Revisiting “D” word: Pakistan should opt for debt restructuring

External debt servicing burden country faces today is one of the highest in the world


Ali Salman January 09, 2023
DESIGN: MOHSIN ALAM

ISLAMABAD:

In its recent media release, the independent Economic Advisory Group (EAG) has encouraged the government to consider initiation of debt restructuring negotiations to avoid the risk of “disorderly default”.

It clarified that “this will…come at the expense of meeting additional conditionalities agreed with the creditors, who will bear the cost of restructuring. None of these options are without economic pain, but a well-managed restructuring process can allow the economy to recover faster than otherwise.”

In this article, I will advocate this view that given the trade-off, the Ministry of Finance should seriously consider debt restructuring.

To provide a context, Pakistan’s external debt servicing has increased from $6.5 billion in FY13 to close to $26 billion in FY23. This is equivalent to 65% of Pakistan’s exports (estimated at $40 billion in FY23) and 37% of exports and remittances.

In 2013, Pakistan’s external debt servicing was only 20% of exports. The external debt servicing burden (as a percentage of exports and remittances) that Pakistan faces today is one of the highest in the world.

The finance minister has repeatedly maintained that Pakistan will not consider debt restructuring and will honour its external debt servicing. So far, he has managed to deliver on his promises.

It seems that he is pursuing a two-pronged strategy: one is reliance on friendly countries like China and Saudi Arabia. Last week’s army chief visit to Saudi Arabia and a telephonic contact between the premiers of China and Pakistan must be related to the same strategy.

The second part of his strategy seems to secure additional funding from external sources, especially the Geneva conference, for flood rehabilitation.

Pakistan is seeking $16 billion of grants and debt under this head, from which it has received about $4 billion already. This may be sufficient to secure external debt servicing for FY23 without the need of any restructuring.

Although the international agencies are demanding strict control over the planned spending, money, in the end, is fungible.

However, if Pakistan’s hopes of securing significant additional external funding for flood rehabilitation are not fulfilled, then the reliance on expectations from friendly countries will become critical.

Also, pressure to increase electricity tariff and fuel surcharge will be difficult to resist, which will be detrimental to the cost of living and the dwindling political capital of PML-N.

Alternatively, we propose that Pakistan should sit down with all creditors to agree on a new schedule of external debt servicing and at the same time lift administrative controls on import and import payments immediately.

Once we do it, business activities will restore and economic output will begin to gain momentum. While trade deficit may increase as a result, this should not worry us.

About 90% of Pakistan’s imports are non-luxury in nature. It means that it is very costly to control imports without the risk of an overall economic slowdown.
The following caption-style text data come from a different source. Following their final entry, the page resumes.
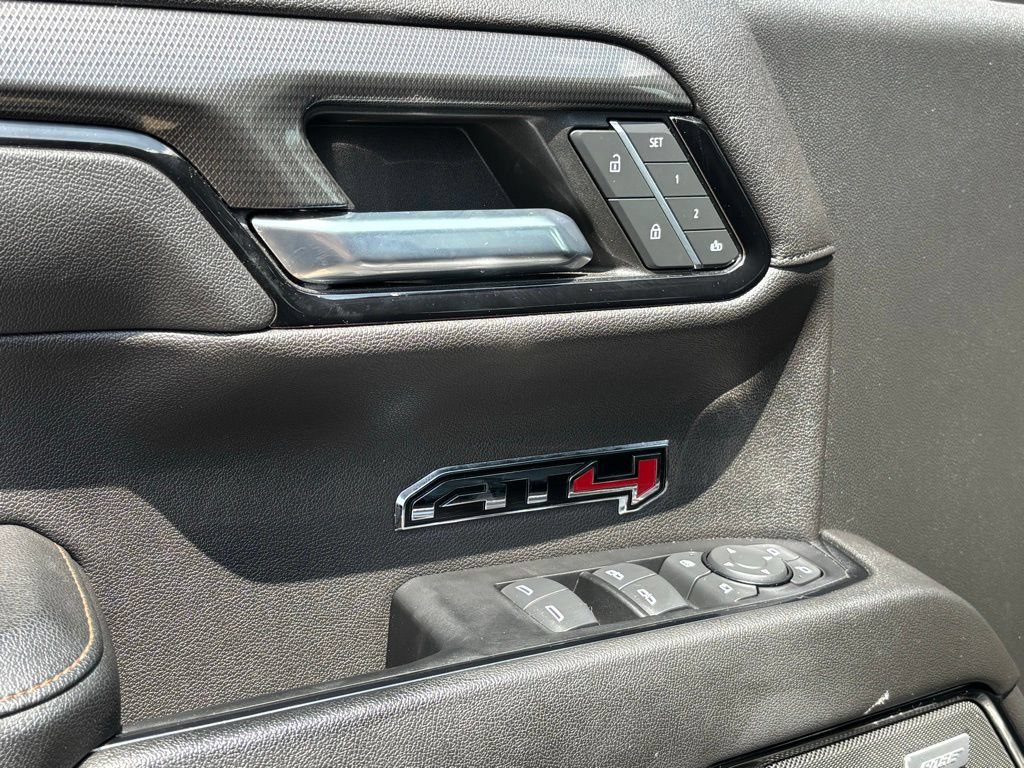 Used 2022 GMC Sierra 1500 AT4 w/ AT4 Preferred Package AWD/4WD image 27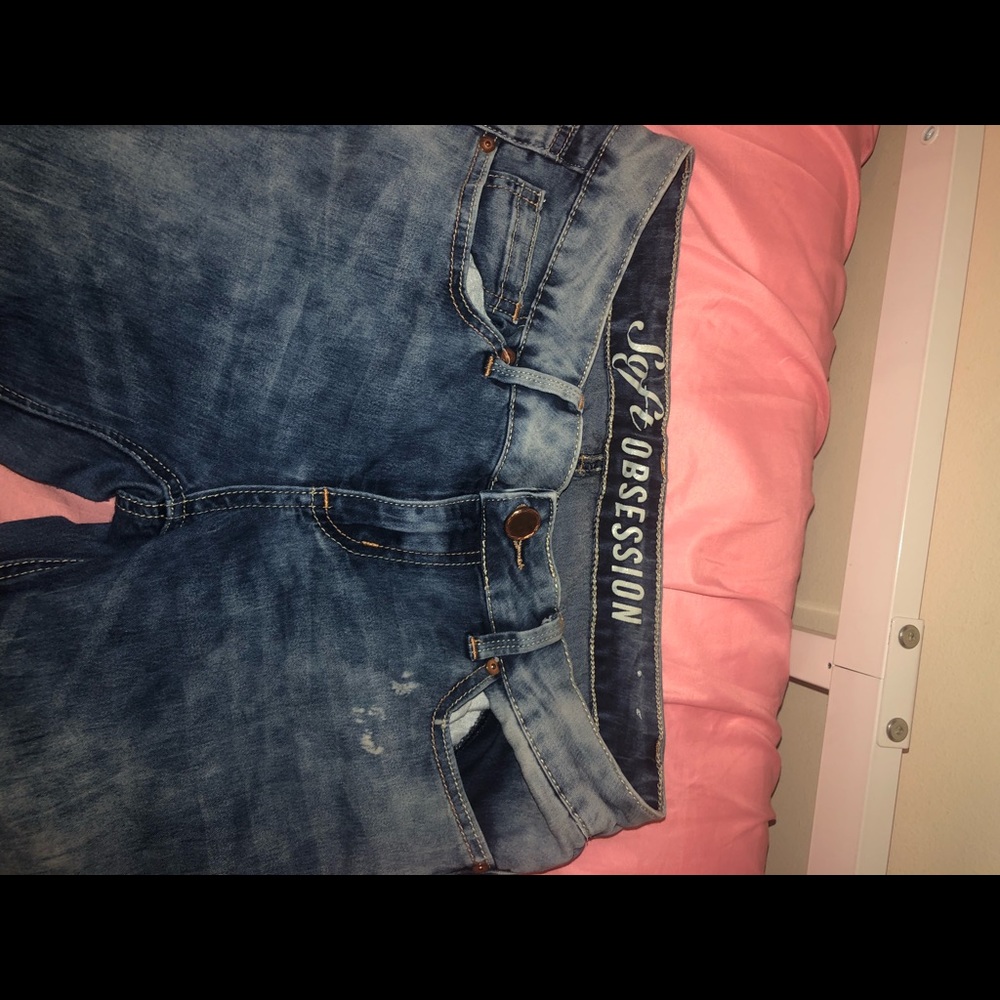 Light/medium wash jeans/jeggings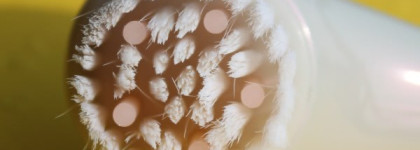 Щётка для чистки лица Cleansing Massage Brush от Shiseido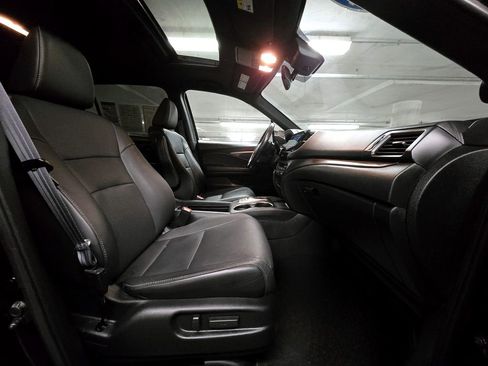 Certified 2022 Honda Passport EX-L image 37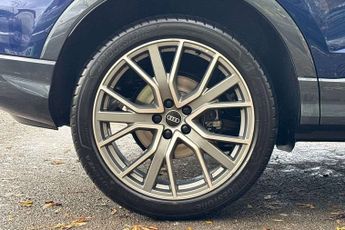 Audi Q3 Black Edition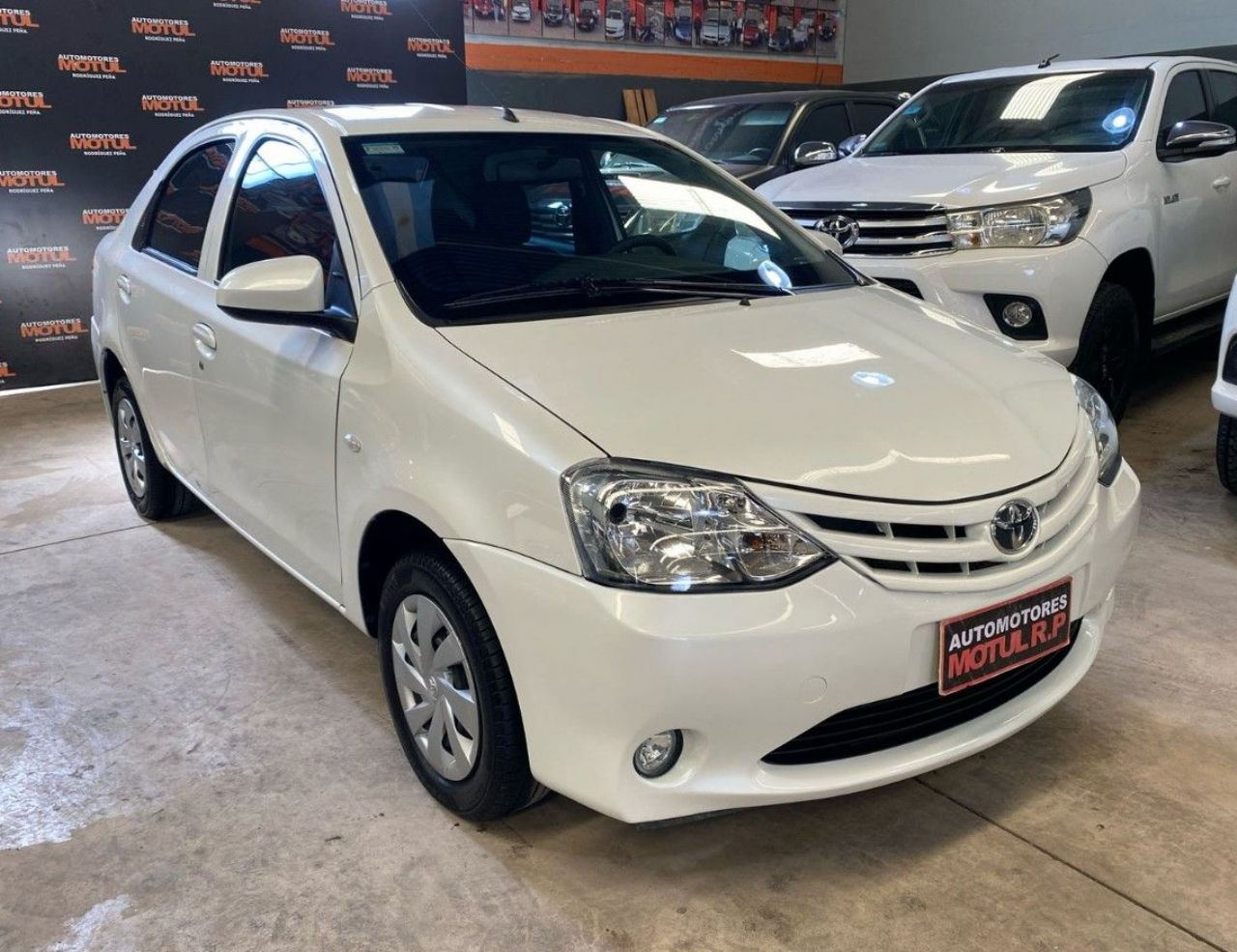 Toyota Etios Usado en Mendoza, deRuedas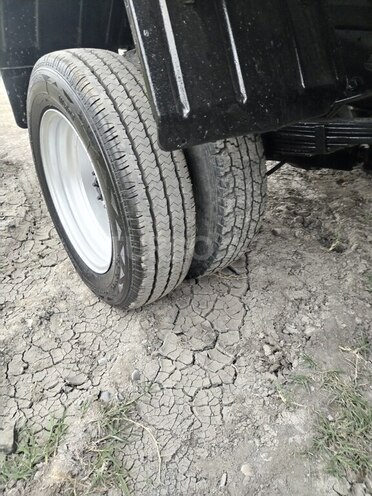GAZ 330200 2000, 235,478 km - 2.4 l - Yevlax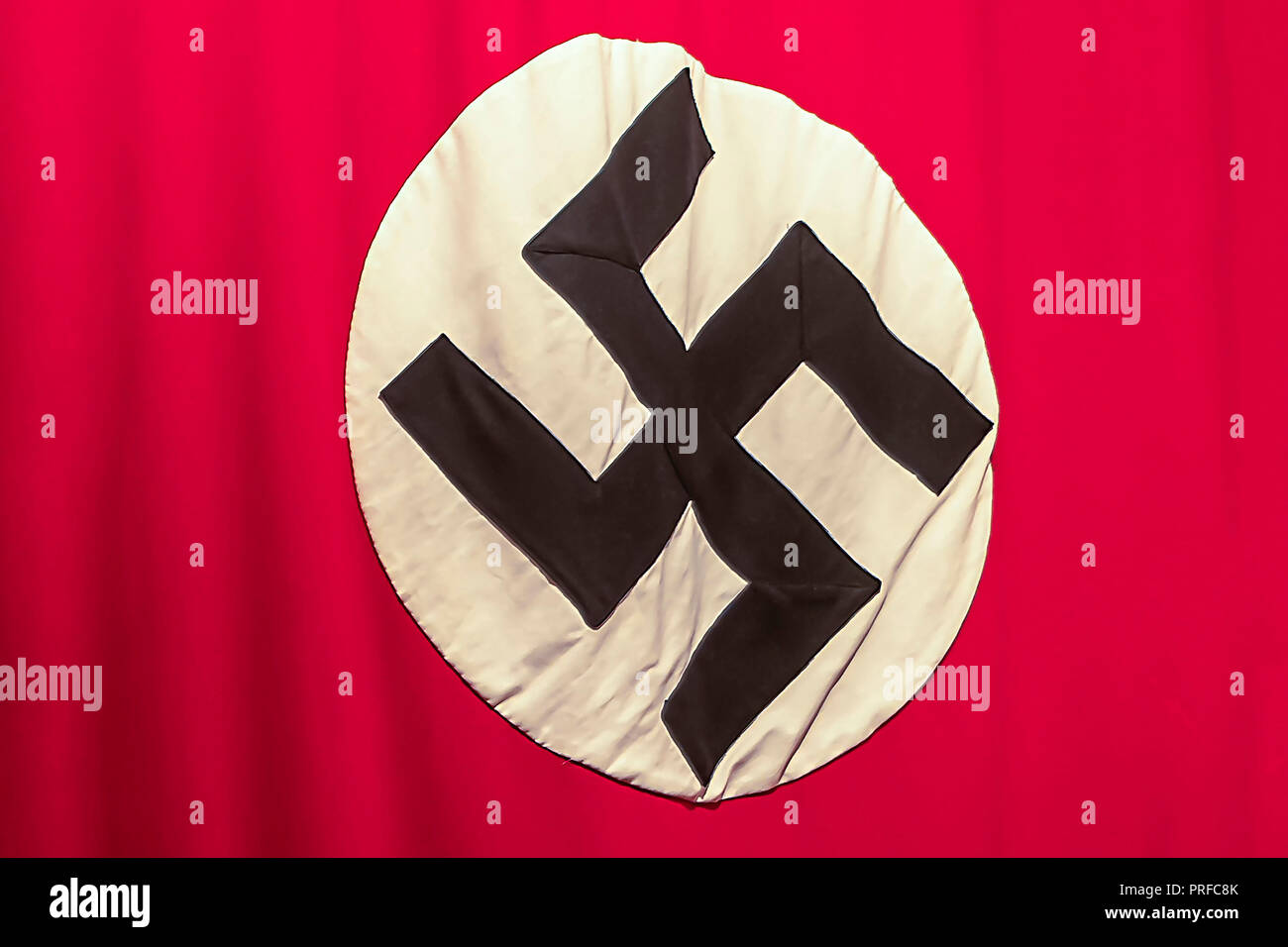 Cracovie, Pologne - 3 juin 2018 : croix gammée nazie - drapeau dans l'Oskar Schindler Musée de l'émail Banque D'Images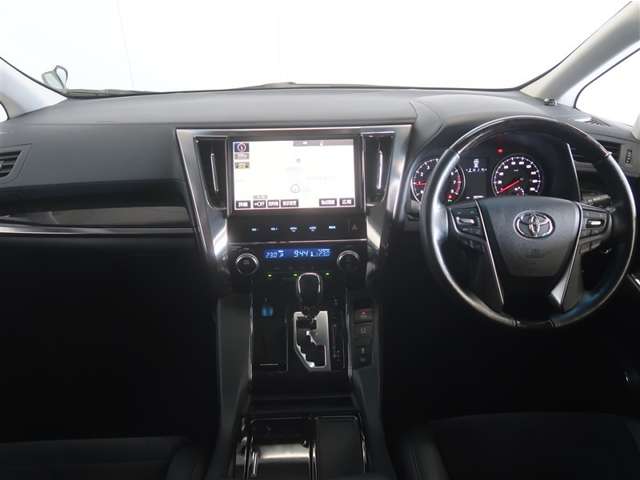 Toyota Alphard 8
We have already witnessed it in the last quarter of 2022.

Any calls for import substitution at the policy level should be strictly discouraged, while markets may be encouraged to become more competitive.

Importantly, this strategy will minimise the gap between the open market and black market exchange rate. Once this is done, the remittance flow through banking channels will not decrease and exporters will be encouraged to realise their receivables sooner than later.

This will bring a substantial increase in the monthly dollar inflow, which will provide an additional cushion to Pakistan’s forex reserves, thus giving some degree of confidence to the policymakers, and to the market.

Debt restructuring will also decrease the pressure on the government to increase electricity tariffs or petroleum levy, though in the end, we will need to respect international prices.

There will be genuine apprehensions of a further downgrade by the international credit rating agencies in the case of debt restructuring. This concern is not well-placed.

First, Pakistan’s bond has already been downgraded to the junk status despite timely payments on Eurobonds in December 2022. This was in the making since the middle of 2022, owing to the catastrophic fiscal decisions made by the ousted PTI government.

In this context, the finance ministry under Miftah-Dar deserves credit for reducing the risk of default at least in the recent past.

That does not preclude the risk of a disorderly default in the future. The fact that banks are dishonouring LCs of importers is a default at least at the private-sector level.

The banks are claiming difficulty in release of dollars due to administrative controls by the central bank. Dar has made it public that while he is not going to change the SBP autonomy status, he believes that this has gone too far.

Ultimately, credibility, predictability and transparency in economic decision-making is the most important strategy for any government. This should be rules-based and not based on discretion.

Economic stability can be ensured by sticking to these rules and by institutionalising economic governance.

As the EAG press release reminds us, policymakers must acknowledge the difficult choices the country faces and overcome policy paralysis to avoid the dire consequences of a disorderly default.

The writer is the executive director of PRIME, an independent economic think tank based in Islamabad

 

Published in The Express Tribune, January 9th, 2023.